Coaxially grafting conjugated microporous polymers containing single-atom cobalt catalysts to carbon nanotubes enhances sulfur cathode reaction kinetics

Abstract

Conjugated microporous polymers (CMPs) hold great potential for use in energy related applications due to their extended π-conjugated structures, tunable pore sizes, and modular molecular functionalities. Herein, we report a novel composite material (labeled as Co-CMP-MWNTs) that consists of a CMP containing Co single-atom catalysts (Co SACs) and being coaxially grafted to multi-walled carbon nanotubes (MWNTs), and show that the material synergistically promotes the cathode reaction kinetics in lithium−sulfur (Li−S) batteries. The Co-CMP-MWNTs are synthesized by coupling 2,4,6-tris(4-ethynylphenyl)-1,3,5-triazine to a dibromobipyridine-Co complex in the presence of bromopyrimidinyl-functionalized MWNTs.
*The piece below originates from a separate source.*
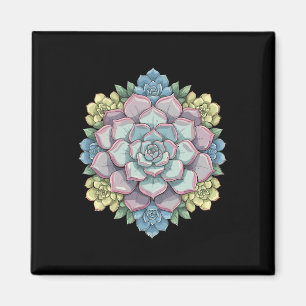 Mandala Lotus Buddha Zen Art Botanical Succulent F Magnet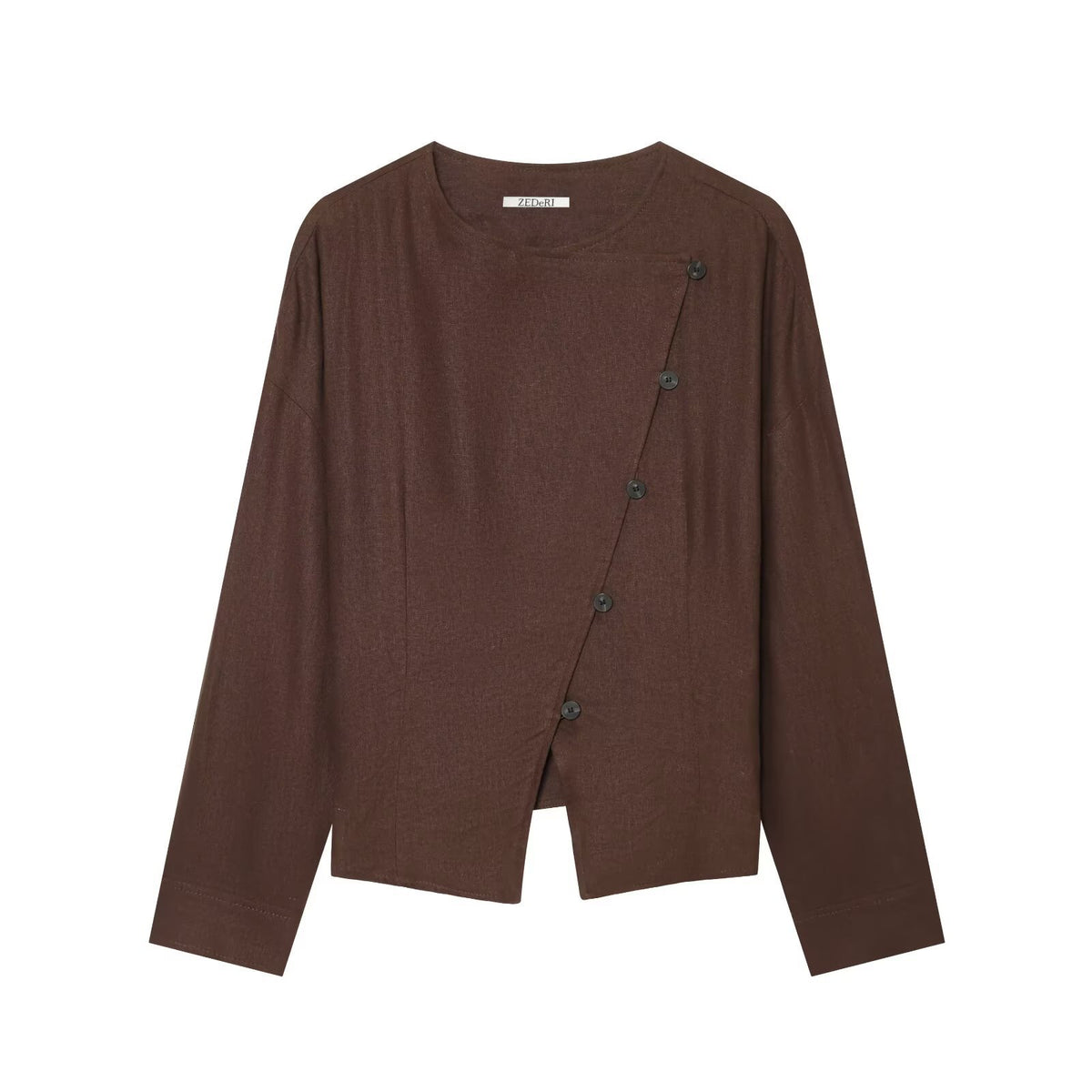 Women's Lightweight Asymmetrical Blouse Jacket with Diagonal Button Placket Fashion Glam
The composite features a conductive MWNT-based core and a CMP-based shell that contains nitrogen as well as Co. Cs-corrected high-resolution transmission electron microscopy and X-ray absorption near-edge structure (XANES) spectroscopy reveal that the Co species exist as single atoms. Additional XANES data coupled with density functional theory calculations elucidate the adsorption interactions formed between the Co SACs and various sulfur species as well as their electrocatalytic effects. Li−S cells prepared using Co-CMP-MWNTs as a cathode host material exhibit excellent performance in terms of specific capacity (1485 mA h g−1 at 0.1 C), rate capability (602 mA h g−1 at 3 C), and cycling stability (510 mA h g−1 at 0.5 C after 1000 cycles, which corresponds to a capacity decay of 0.050% per cycle). Collectively, the results demonstrate that SACs can be prepared under benign conditions and used to enhance sulfur cathode reaction kinetics. The methodology described may be extended to enable the use of SACs in other contemporary energy conversion technologies.